Additional constraints must be considered for different types of NAND flash. For example, in multi-level cell memories, the bits stored in the same cell belongs to different write pages, referred to as lower/upper pages. The upper page must be written before the lower page can be read successfully. The lower and upper page are often not sequential, and any pages in between must be written to prevent write neighbor disturbance. Not writing all lower/upper pages before reading a sector might result on a read error. This is discussed in the next section.
The size of a flash page when writing, must be calculated considering the media access mode, i.e., the number of planes being used. For example, a NAND flash with 4KB sectors, 4 sectors per page and operating in dual-plane mode, must write 32KB of data (4KB * 4 sectors * 2 planes) before a “flash page” is written. In this case, hints might be used in the write command to inform the hardware that a dual-plane write has been issue. This allows to process the writes in parallel within the controller.

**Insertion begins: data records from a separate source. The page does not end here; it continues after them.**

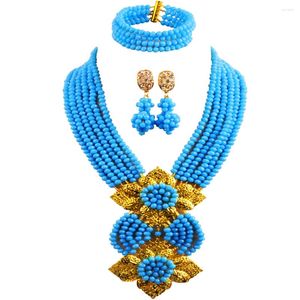 Necklace Earrings Set Blue Crystal Nigerian Wedding African Bridal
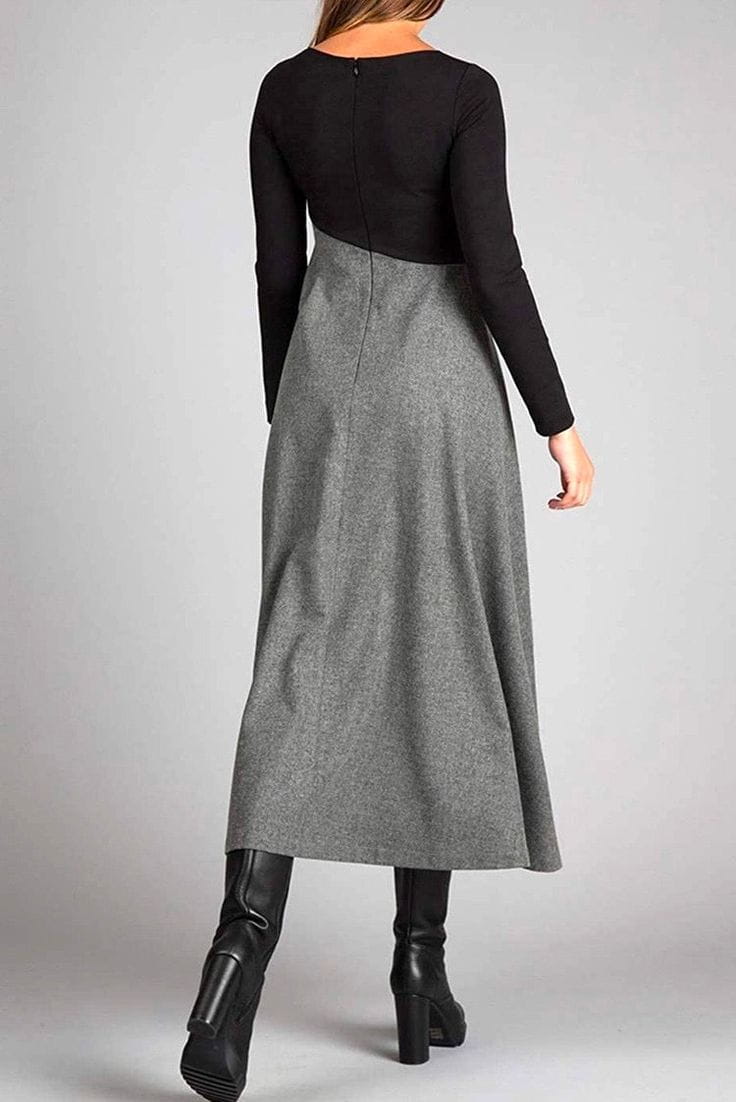 Lavinque Dress Robe Longue Bicolore | Haut Noir & Jupe Camel | Élégante et Structurée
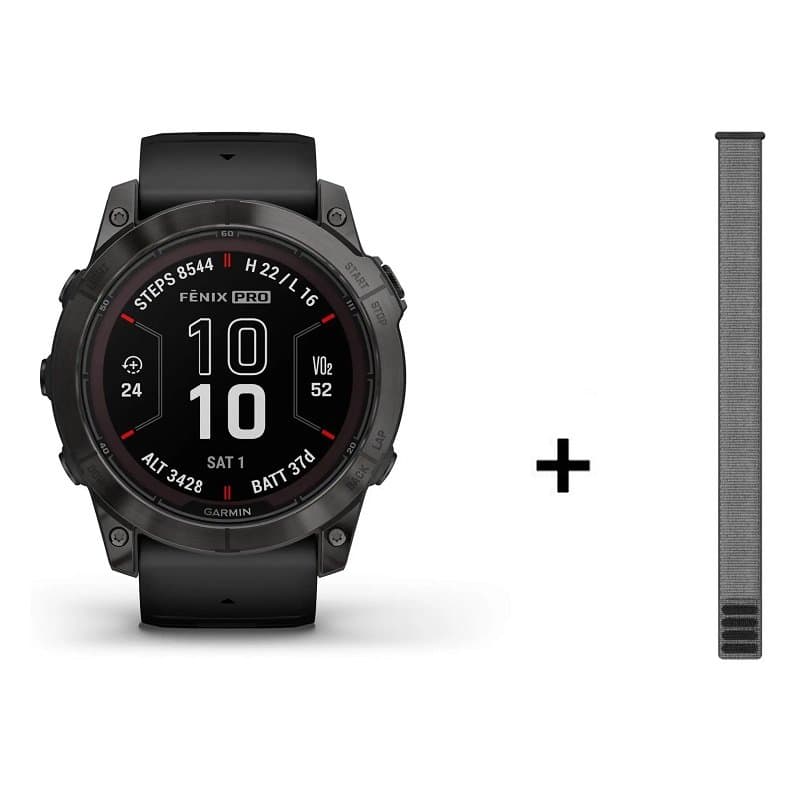 Montre Garmin Fenix 7X Pro Sapphire Solar Titane - Sapphire Solar Titane + bracelet nylon gris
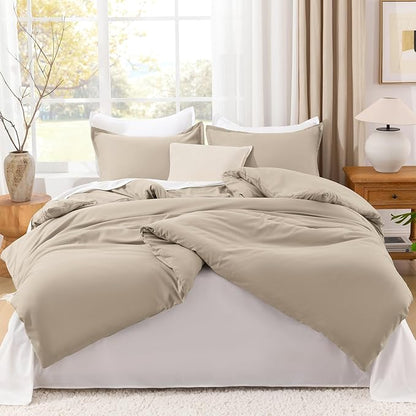 Litanika Comforters Khaki Oversized Queen Size, 3 Pieces Lightweight Solid Bedding Comforter Set, All Season Fluffy Bed Set (98x98In Comforter & 2 Pillowcases)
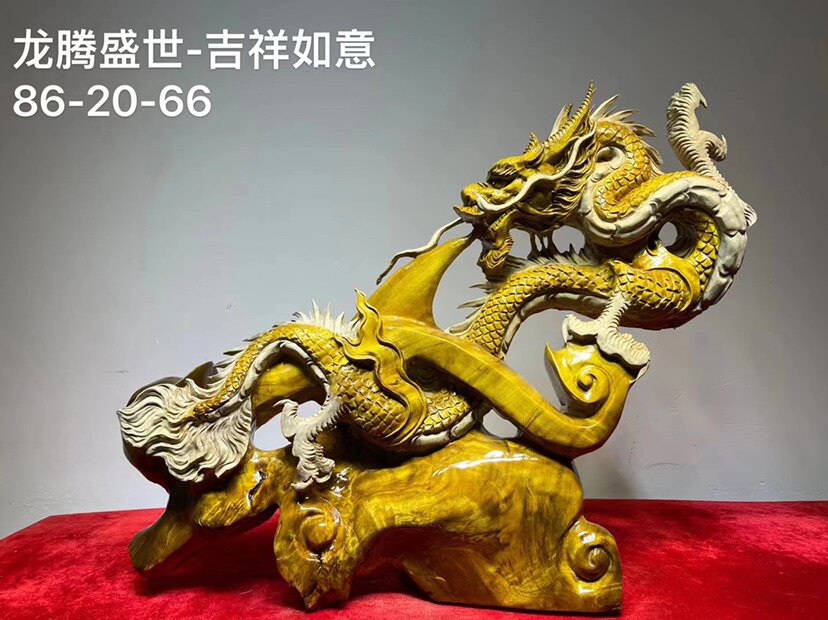 Hot sale Sichuan Golden Silk Nang Wood Root Carved-in-a-wood Wood Carving Animal handmade engraving Long 86 thick 20 20 high 66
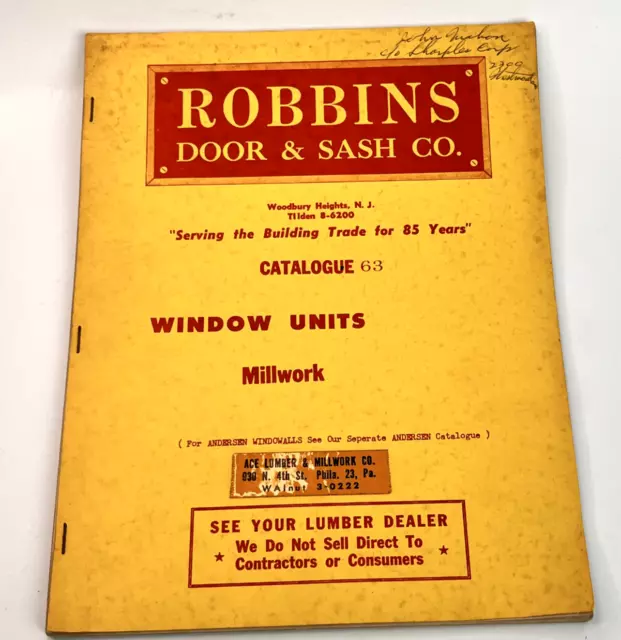 April 1962 Robbins Door and Sash company catalog, Philadelphia Ace lumber M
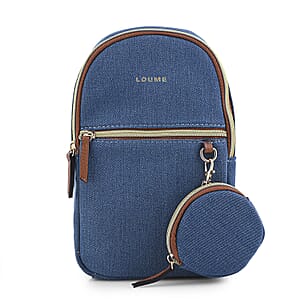 Closeout Loume Blue Denim Sling Bag with Detachable Pouch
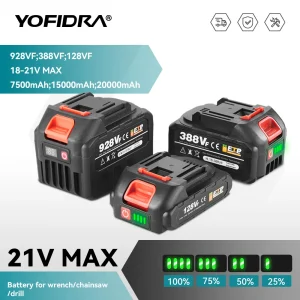YOFIDRA 20V 18V Oplaadbare 928vf 388vf 128vf 22500mAh Lithium Ion Batterij Met Plug Voor Power Tool vervangende Batterij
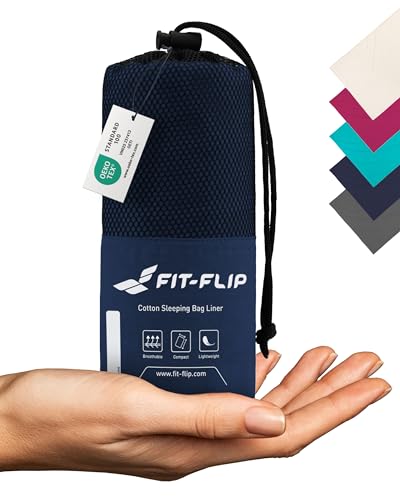 Fit-Flip Sábana Saco de Dormir - 100% Algodón - Saco Sábanas Ultraligero de 325 g con Compartimiento de Almohada agregado - Sábana de Viaje Compacto (Color: Azul Marino)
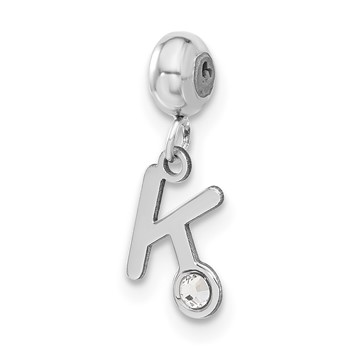 Sterling Silver Rhodium-plated MeMi Letter K with Crystal Charm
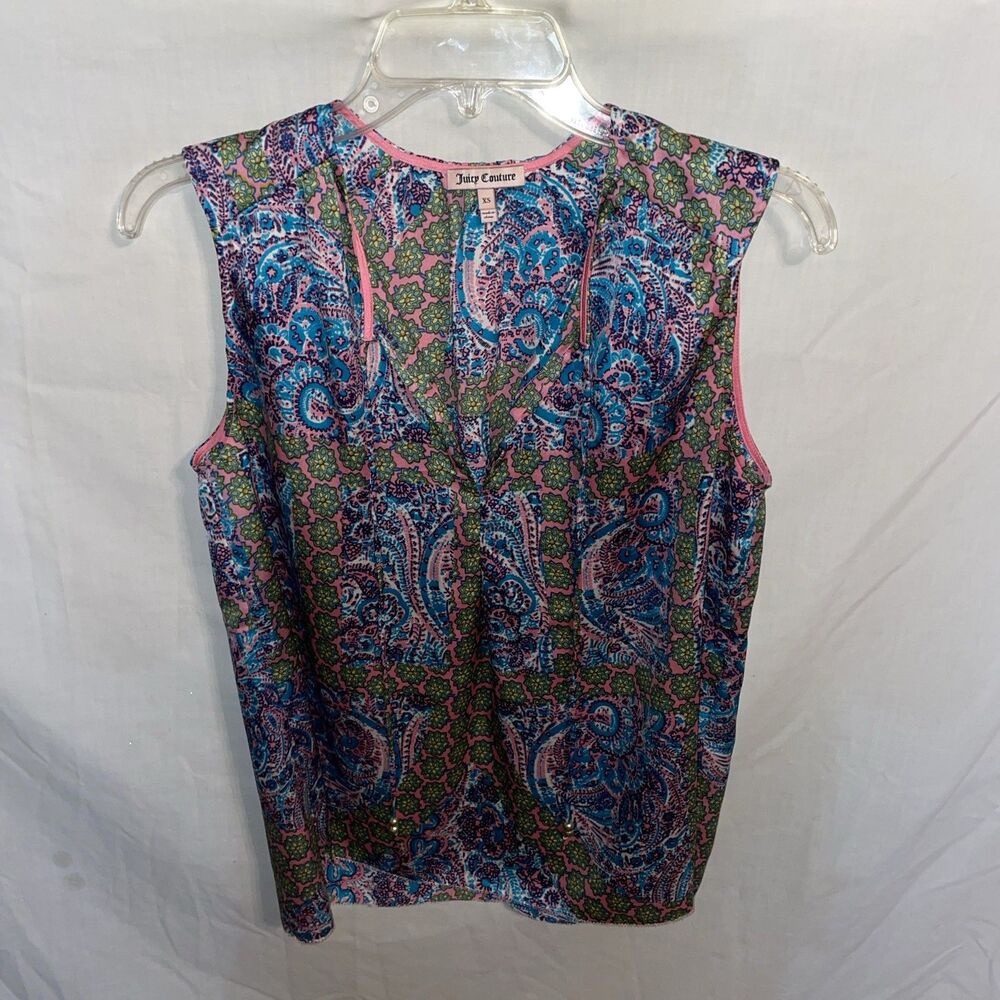 Juicy Couture Womenโs Dressy Blouse Size XS Multicolor Paisley Going Out Party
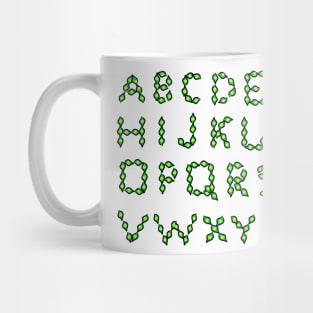 English alphabet. Back to school soon. Letters for children. Study. Mug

Reads can be done at the granularity of a single sector, which is typically 4KB. Lower granularities must be handled internally by liblightnvm clients.
Typically, reads issued to a closed block, i.e., a block that is fully written, will succeed. Reads issued to an open block must respect that all lower/upper pages within the pages being read has been fully written. Note that lower/upper pages might be shared across flash pages. Since the actual sequence for lower/upper pages is usually protected under NDA, it might be necessary to consult the hardware manufacturer for information about the specifics of the used media. A rule of thumb is to write 8-12 pages after a page can be read. The data in between must be cached by the client if it is required to be read within this threshold.
Failure Modes. NAND Flash might fail in various ways:
- Bit Errors.
- The downside of shrinking cell size is an increase in errors when storing bits. While error rates of 2 bits per KB were common for SLC, this rate has increased four to eight times for MLC.
- Read and Write Disturb.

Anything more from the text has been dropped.